Why this Syrian teenager is one of the most inspiring Olympic athletes of Rio 2016

By Moya Crockett

9 years ago

Union Jack flags at the ready: the Olympics open in Rio this Friday, and everyone’s rooting for Team GB.

But as well as cheering on British sportswomen like Nicola Roberts, Beckie Downie and Laura Trott, we’ll also be throwing our support behind another young female athlete: Yusra Mardini.

The 18-year-old Syrian swimmer is representing the Refugee Olympic Team, a group of 10 ‘stateless’ athletes who’ll make their first appearance in Friday's opening ceremony.

And while no one makes it to the Olympics without a major dose of grit, talent and determination, it’s safe to say that Mardini has faced more challenges than most. Last year, the teenager made the harrowing journey from her war-ravaged home city of Damascus to Berlin, via Lebanon, Turkey, Greece, Macedonia, Serbia, Hungary and Austria – and helped to save the lives of 19 other refugees in the process. 

In August 2015 – three years after the International Red Cross declared a state of civil war in Syria – Mardini and her elder sister Sarah fled their home in the war-torn capital of Damascus. The girls travelled to Lebanon and Turkey, before attempting to cross the Aegean Sea to Greece.

The sisters knew that it would be a dangerous crossing; in 2015, some 3,770 people were reported to have drowned on similar voyages across the Mediterranean. Shortly after they set off from land, the boat on which the Mardinis were travelling started to fill with water.

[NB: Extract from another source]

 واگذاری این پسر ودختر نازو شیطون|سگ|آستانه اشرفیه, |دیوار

20 refugees were crammed onto the dinghy, which was only designed to carry six people. Most of them couldn’t swim. But Mardini had been in the water since she was three years old, when her father, a swimming coach, started giving her lessons. She and her sister jumped into the sea and started pushing the boat towards Europe.

After swimming for almost four hours, the dinghy in tow, they finally reached the Greek island of Lesbos. Yusra and Sarah had helped save the lives of everyone on board.

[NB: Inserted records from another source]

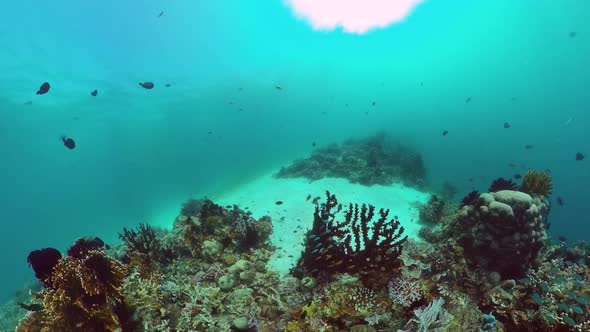 The Underwater World of a Coral Reef. Panglao, Philippines.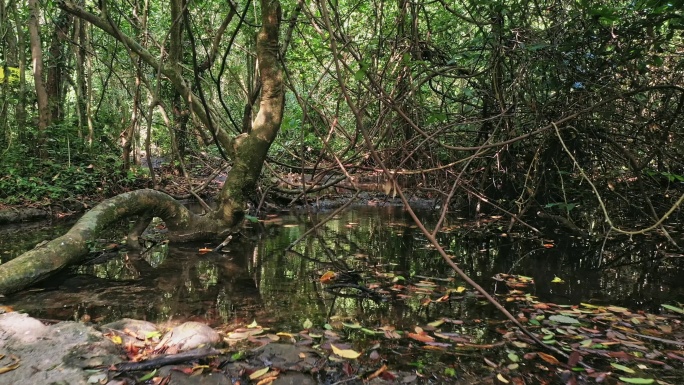 罗城水上相思林 穿梭穿越航拍原始森林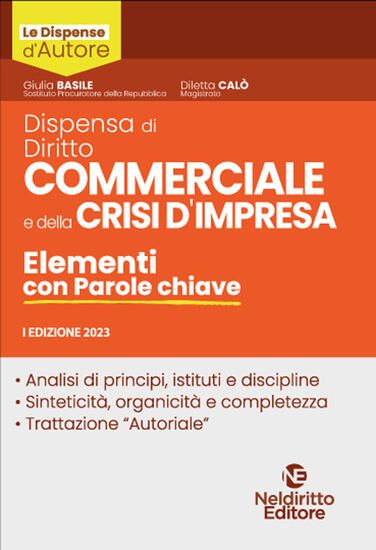 Immagine di DIRITTO COMMERCIALE E DELLA CRISI DI IMPRESA. ELEMENTI CON PAROLE CHIAVE 2023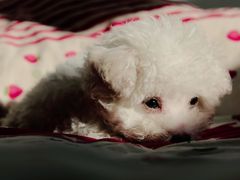 -沐沐家宠物(成寿寺店)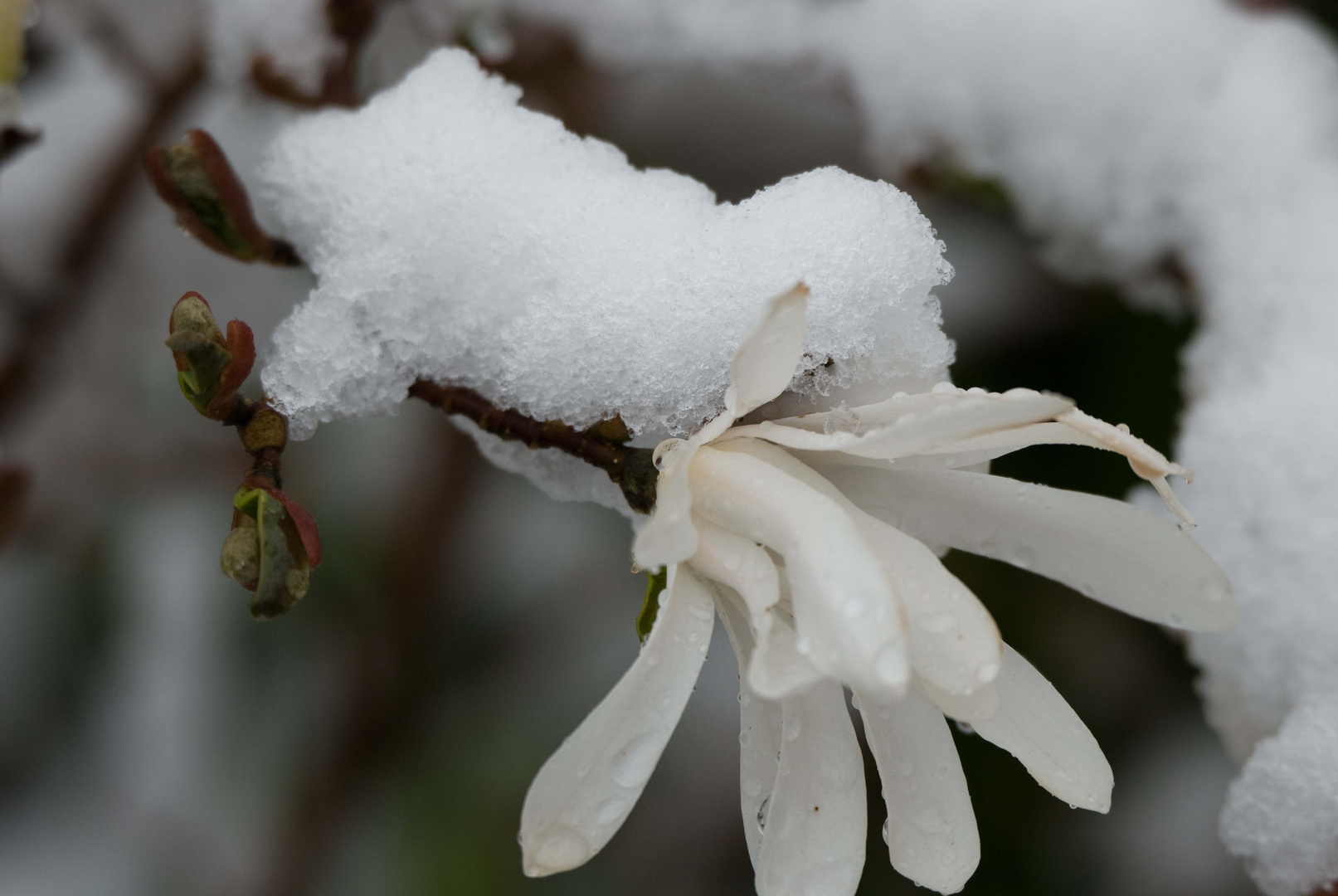 Magnolie mit Schneedecke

“It would have been shameful if the people on our boat had drowned,” Mardini told UNHCR, the UN Refugee Agency. “There were people who didn’t know how to swim. I wasn’t going to sit there and complain that I would drown.”

If I was going to drown, at least I’d drown proud of myself and my sister.

– Yusra Mardini

Having arrived on the shores of Lesbos without so much as shoes on their feet, the girls made the arduous journey to Berlin, travelling by foot and by bus through the Balkans and central Europe with the help of people smugglers. A refugee charity, impressed by what they had achieved, recommended that they attend a local swimming club – and soon, Mardini was training for Rio.

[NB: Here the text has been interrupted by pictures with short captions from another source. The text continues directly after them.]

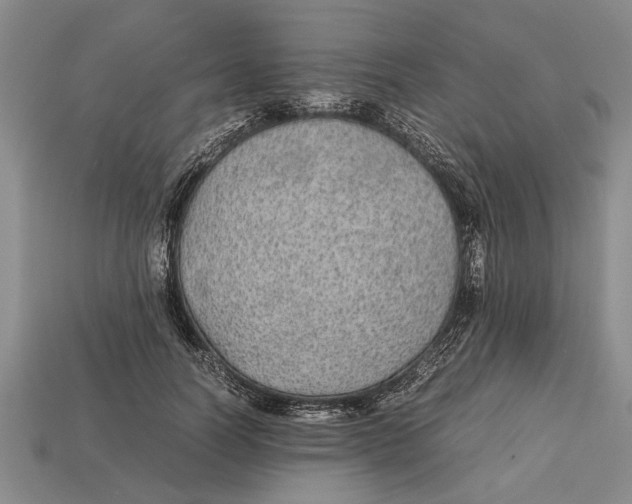 X0000113010746200909241351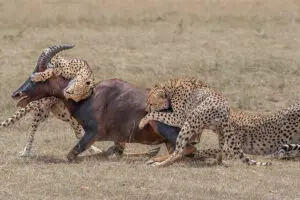 Thrilling predator action in the Mara.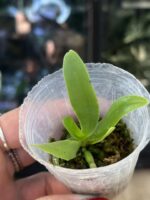 Phalaenopsis hygrochila / storczyk #3 - obrazek 3
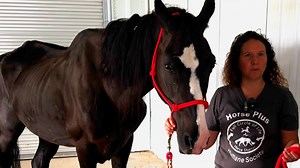 431K views · 13K reactions | Join Tawnee Preisner, founder of Horse...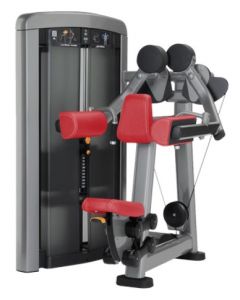 LIFE FITNESS INSIGNIA SERIES LATERAL RAISE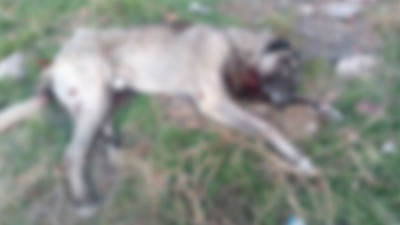Ankara'da vahşet! Tüfekle öldürülmüş köpekler bulundu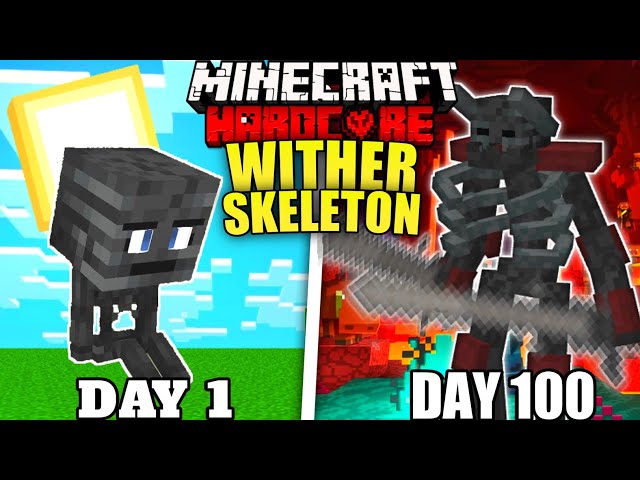 I Survived 100 Days as WITHER SKELETON in Hardcore Minecraft (Hindi)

This is the first year that refugees have been able to compete in the Olympics. Mardini is joined by another Syrian swimmer, Rami Anis, as well as six runners from South Sudan and Ethiopia and two judo athletes from the Democratic Republic of Congo. The team touched down in Brazil on Wednesday to a rapturous reception.

At a press conference in Rio, Mardini had a message for people who might be following her success back home in Syria. “I want to tell everyone that I really miss Damascus,” she told the assembled journalists. “I want everyone to think of their dreams, because a lot of people there forget their dreams.”